[Stored data entries]
:::::

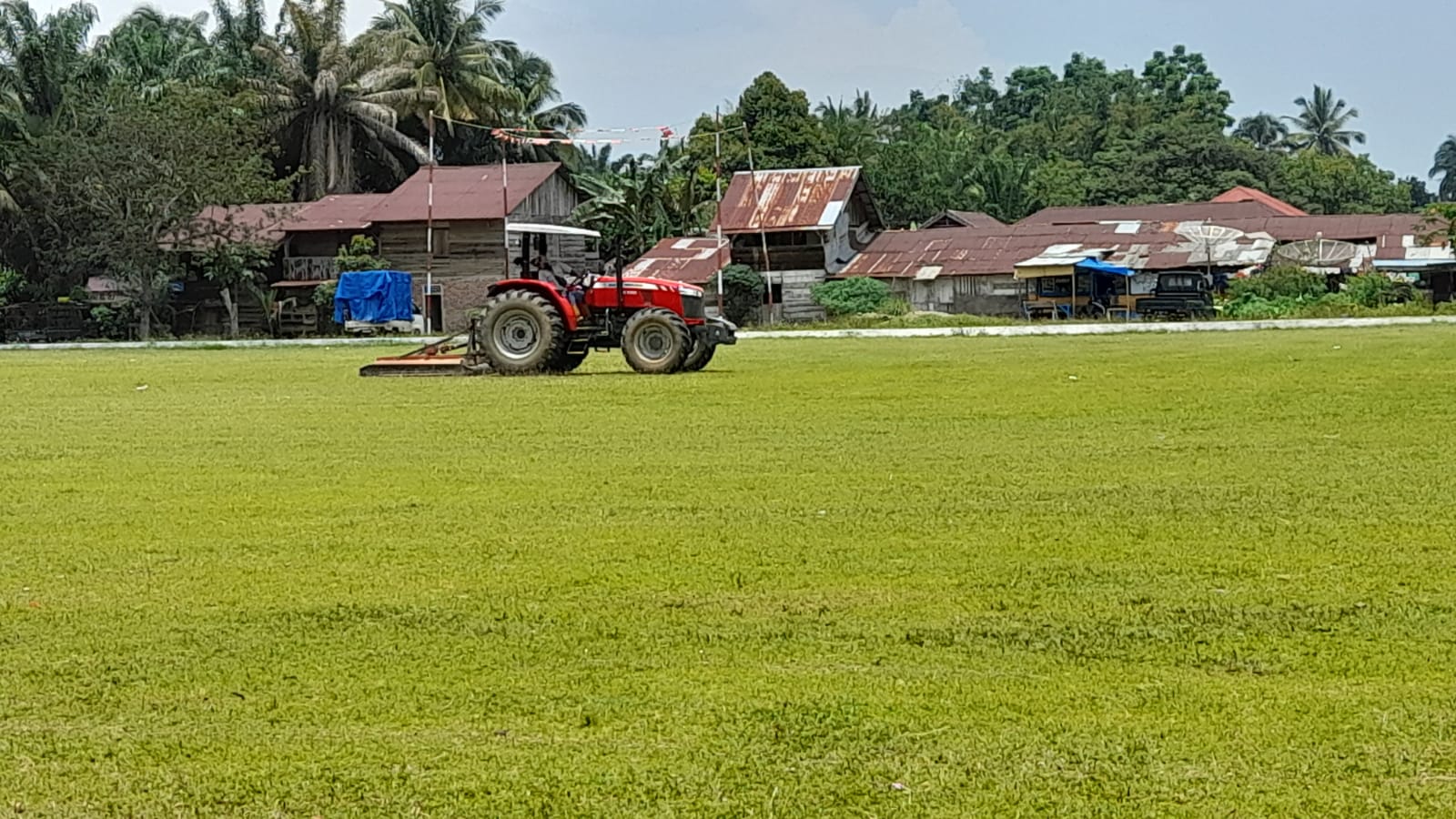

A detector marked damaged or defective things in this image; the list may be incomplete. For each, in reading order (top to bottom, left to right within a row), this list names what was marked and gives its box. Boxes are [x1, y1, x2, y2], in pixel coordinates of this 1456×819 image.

rusty corrugated roof [288, 191, 389, 230]
rusty corrugated roof [364, 162, 564, 224]
rusty corrugated roof [706, 167, 877, 235]
rusty corrugated roof [619, 237, 728, 284]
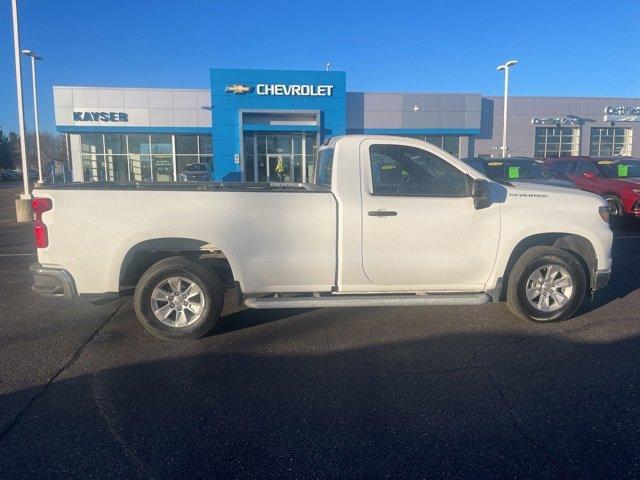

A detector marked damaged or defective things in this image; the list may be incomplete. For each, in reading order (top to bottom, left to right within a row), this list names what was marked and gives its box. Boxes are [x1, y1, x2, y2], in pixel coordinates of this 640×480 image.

crack in pavement [0, 302, 128, 444]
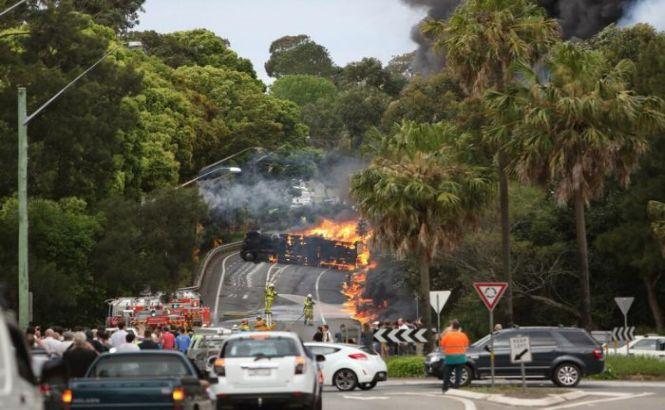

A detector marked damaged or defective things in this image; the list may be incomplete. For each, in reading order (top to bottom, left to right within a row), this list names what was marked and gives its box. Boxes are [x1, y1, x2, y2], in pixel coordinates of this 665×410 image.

overturned vehicle [241, 232, 360, 270]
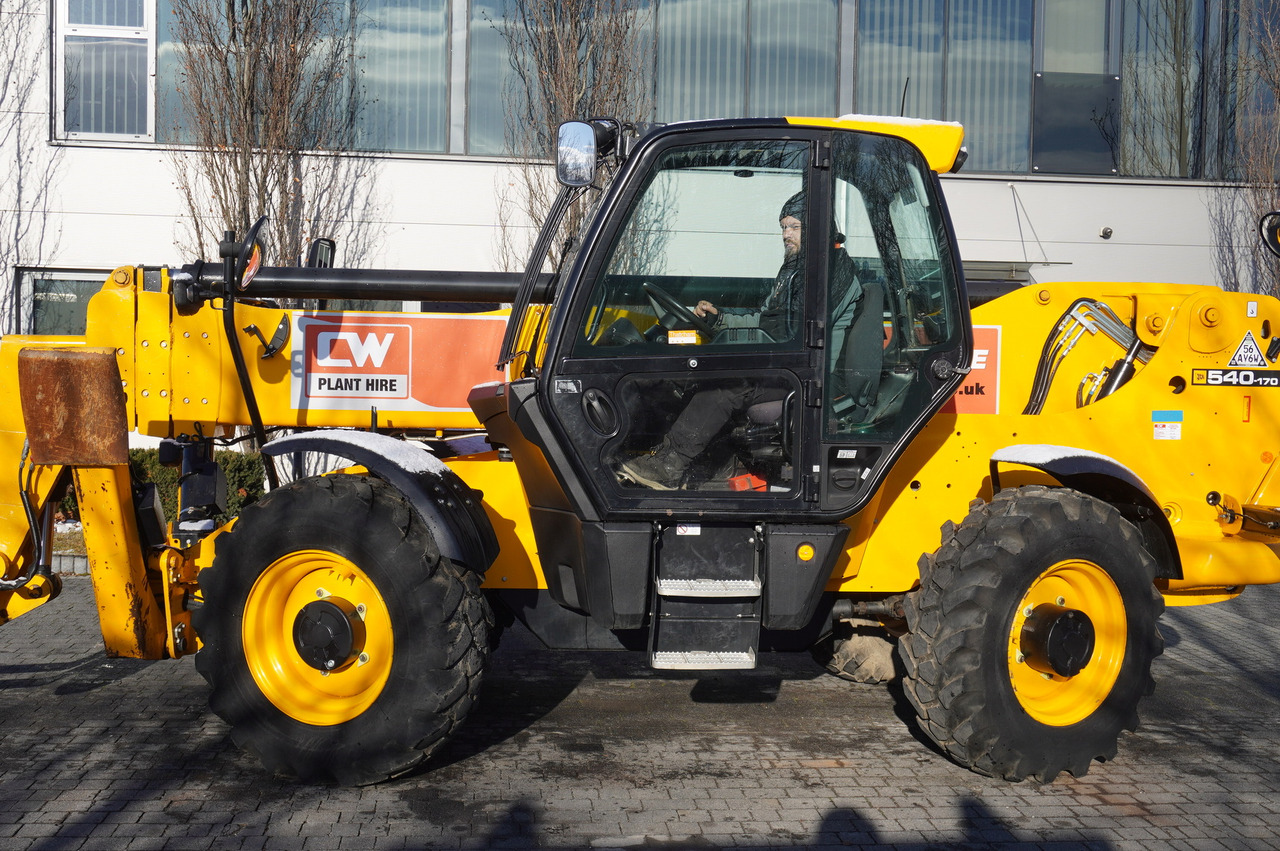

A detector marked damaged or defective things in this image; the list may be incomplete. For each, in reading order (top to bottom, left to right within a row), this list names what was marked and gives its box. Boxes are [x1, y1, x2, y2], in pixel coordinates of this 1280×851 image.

rusty metal plate [18, 345, 128, 465]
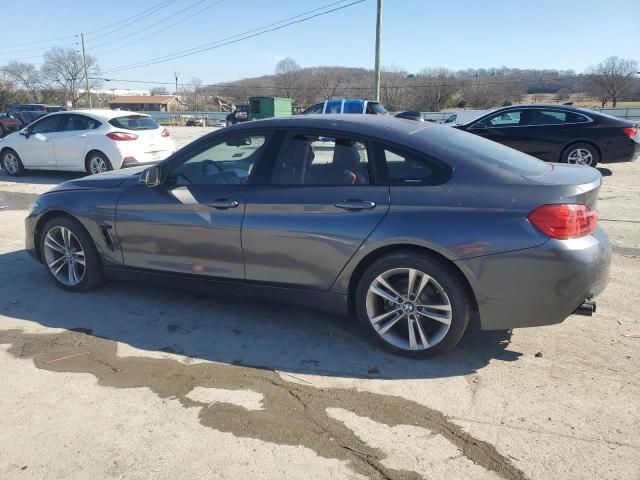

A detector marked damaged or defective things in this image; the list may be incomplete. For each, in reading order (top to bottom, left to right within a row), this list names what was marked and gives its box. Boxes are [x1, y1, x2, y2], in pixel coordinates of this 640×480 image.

cracked asphalt [1, 127, 640, 480]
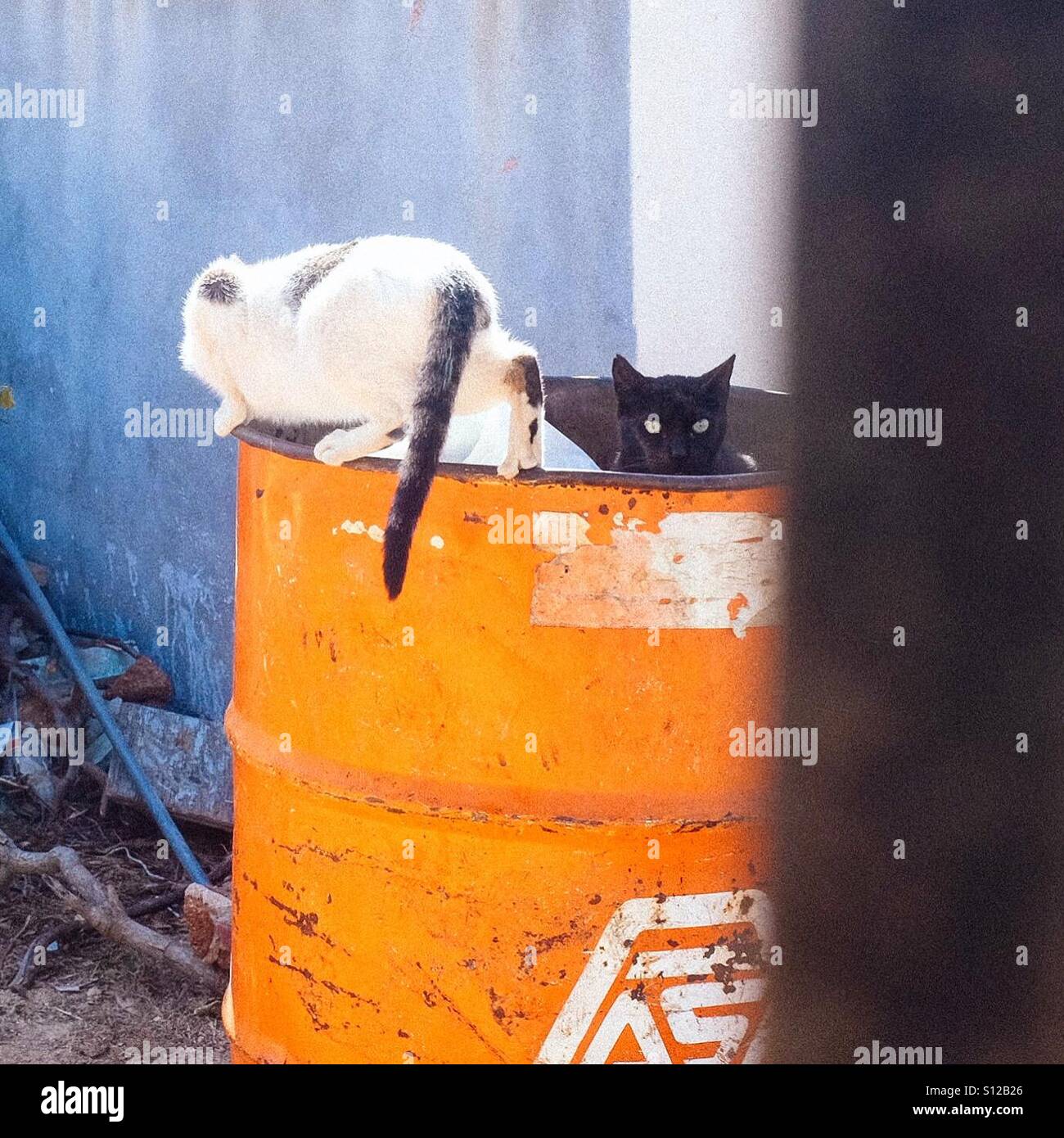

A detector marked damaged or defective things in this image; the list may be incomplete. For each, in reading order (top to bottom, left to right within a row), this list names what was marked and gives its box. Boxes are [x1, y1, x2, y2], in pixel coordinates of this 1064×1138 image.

rusty orange barrel [226, 383, 786, 1068]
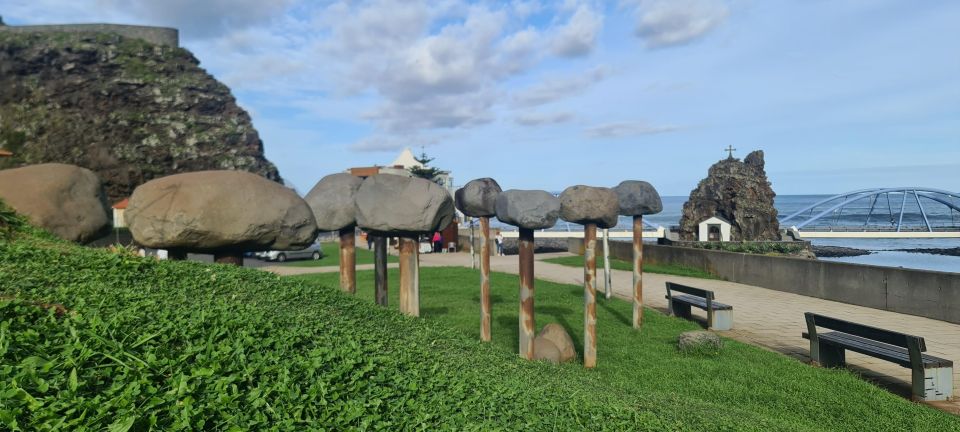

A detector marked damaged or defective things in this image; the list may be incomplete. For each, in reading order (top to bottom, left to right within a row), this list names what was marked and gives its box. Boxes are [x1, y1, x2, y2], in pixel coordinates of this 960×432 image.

rusty metal pole [336, 226, 354, 294]
rusty metal pole [398, 236, 420, 318]
rusty metal pole [520, 228, 536, 360]
rusty metal pole [580, 223, 596, 368]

:::::

WHAT NEEDS TO BE DONE –
Any pictures should be dropped; transcribe the rest of the records above exactly.

SOLUTION FOR THIS PROBLEM –
A detector marked damaged or defective things in this image; the list may be incomplete. For each, in reading order (top to bottom, left to right within a row), this list names what was marked and gives its box. Boxes are [x1, y1, x2, y2], in pixel coordinates of this 1456×819 image.

rusty corrugated roof [288, 191, 389, 230]
rusty corrugated roof [364, 162, 564, 224]
rusty corrugated roof [706, 167, 877, 235]
rusty corrugated roof [619, 237, 728, 284]

A detector marked damaged or defective things in this image; the list may be incomplete. For each, in reading order (top to bottom, left to right within a row), this list names what was marked and gives its box. Boxes are [x1, y1, x2, y2], in pixel coordinates of this 640×480 image.

crack in pavement [0, 302, 128, 444]

A detector marked damaged or defective things in this image; the list may be incomplete. For each, in reading order (top to bottom, left to right within a row), this list names what was marked and gives its box. Boxes are [x1, y1, x2, y2], in pixel coordinates of this 665×410 image.

overturned vehicle [241, 232, 360, 270]

A detector marked damaged or defective things in this image; the list may be incomplete. For each, in reading order (top to bottom, left to right within a row), this list names what was marked and gives its box. Boxes are [x1, y1, x2, y2], in pixel coordinates of this 1280×851 image.

rusty metal plate [18, 345, 128, 465]

A detector marked damaged or defective things in this image; the list may be incomplete. For each, in reading order (top to bottom, left to right within a row), this list names what was marked and gives its box. Boxes are [x1, y1, x2, y2], in pixel coordinates of this 640×480 image.

cracked asphalt [1, 127, 640, 480]

A detector marked damaged or defective things in this image; the list may be incomplete. For each, in reading order (top to bottom, left to right within a row), this list names what was marked and gives its box. Boxes are [x1, y1, x2, y2], in pixel coordinates of this 1064×1138 image.

rusty orange barrel [226, 383, 786, 1068]

A detector marked damaged or defective things in this image; the list may be incomplete. For each, in reading order (top to bottom, left to right within a row), this list names what was marked and gives its box. Boxes are [x1, y1, x2, y2], in pixel coordinates of this 960×432 image.

rusty metal pole [336, 226, 354, 294]
rusty metal pole [398, 236, 420, 318]
rusty metal pole [520, 228, 536, 360]
rusty metal pole [580, 223, 596, 368]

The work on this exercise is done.